==== Data provided
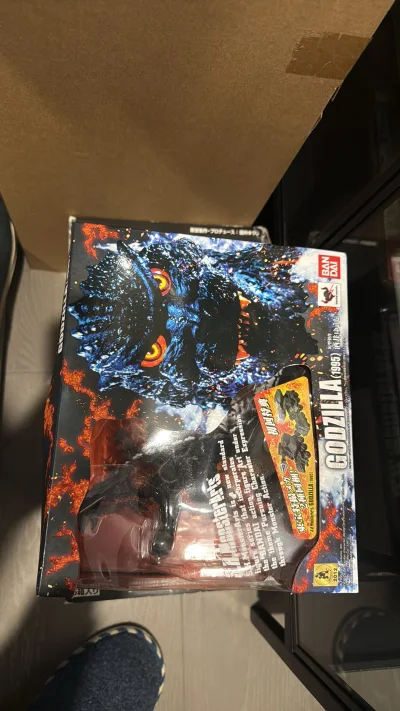 第一百四十一单是一堆哥斯拉和怪兽。包括都是全新未拆的一套构名鉴以及一个未拆SHM95哥。还有一些小奥特怪兽名鉴。到货很快。
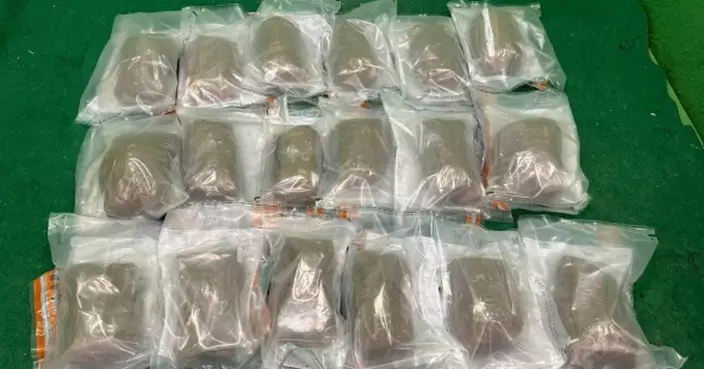 海關機場檢獲市值約940萬元懷疑氯胺酮 兩男子被捕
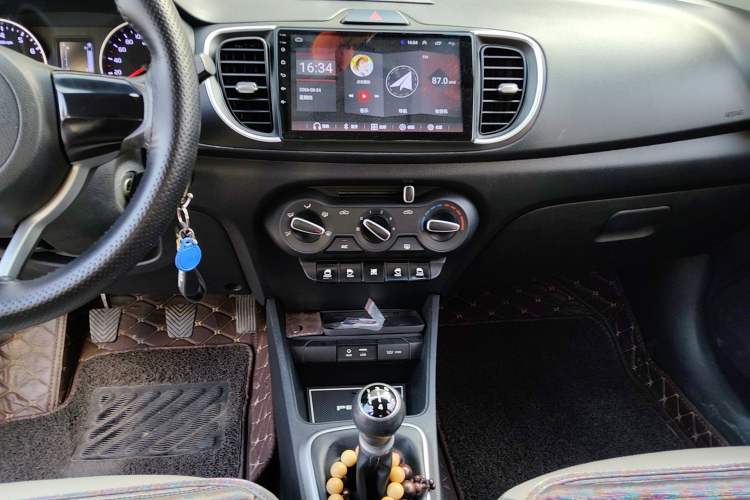 Used Kia Pegas 2017 1.4L Manual Value Edition Audio And AC Panel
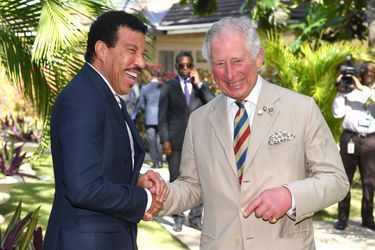 Le roi Charles III, alors prince de Galles, avec le chanteur Lionel Richie lors d'un voyage officiel à la Barbade, en 2019.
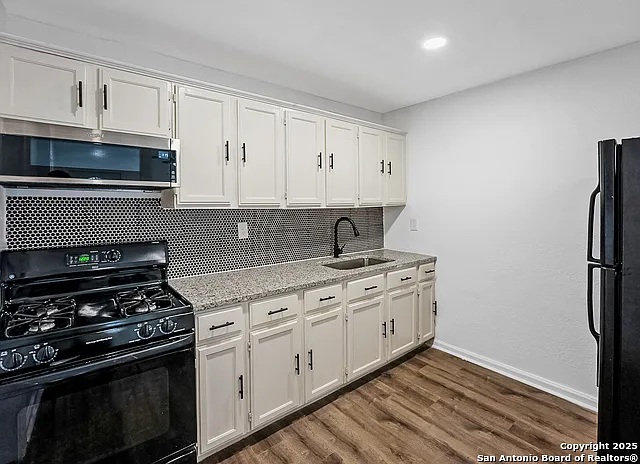 3 bed, 2.0 bath, 1120 sqft, $1,350 — Photo 4
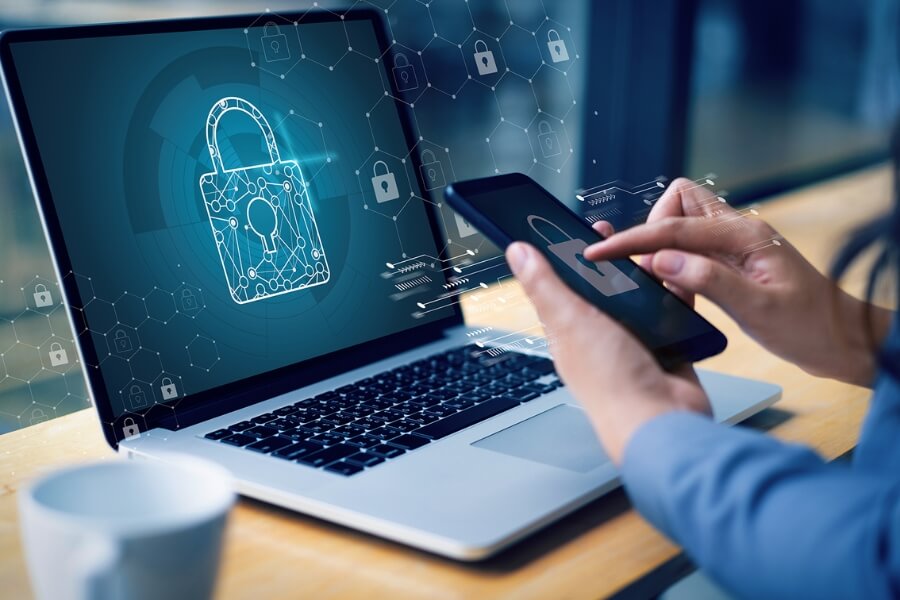 Bảo mật dữ liệu ở cấp độ cao là tiêu chí quan trọng khi chọn phần mềm HRM cho ngành công nghệ thông tin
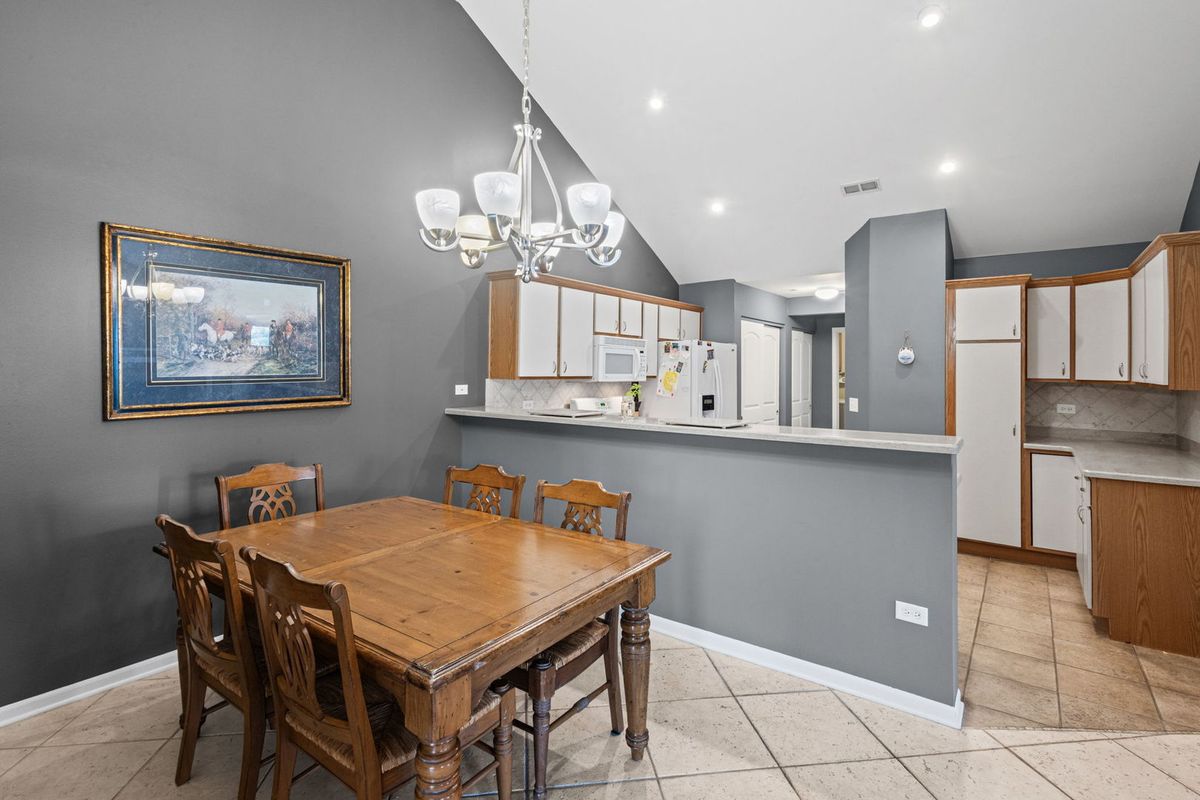 16002 S Messenger Cir, Homer Glen, IL 60491 — photo 5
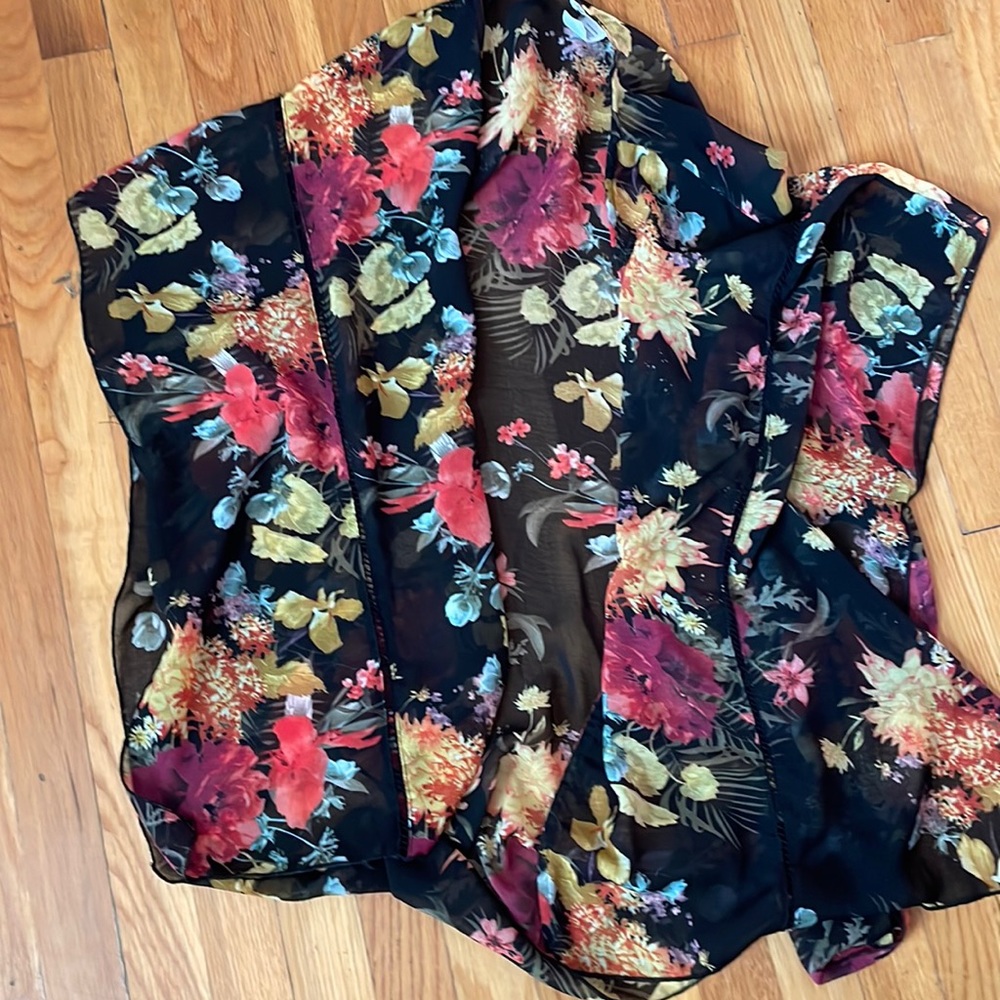 Emory park floral kimono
========
Exercise brief:
Apart from the pictures, all of the data should be repeated exactly.

Solution to this exercise:
 第一百四十一单是一堆哥斯拉和怪兽。包括都是全新未拆的一套构名鉴以及一个未拆SHM95哥。还有一些小奥特怪兽名鉴。到货很快。
 海關機場檢獲市值約940萬元懷疑氯胺酮 兩男子被捕
 Used Kia Pegas 2017 1.4L Manual Value Edition Audio And AC Panel
 Le roi Charles III, alors prince de Galles, avec le chanteur Lionel Richie lors d'un voyage officiel à la Barbade, en 2019.
 3 bed, 2.0 bath, 1120 sqft, $1,350 — Photo 4
 Bảo mật dữ liệu ở cấp độ cao là tiêu chí quan trọng khi chọn phần mềm HRM cho ngành công nghệ thông tin
 16002 S Messenger Cir, Homer Glen, IL 60491 — photo 5
 Emory park floral kimono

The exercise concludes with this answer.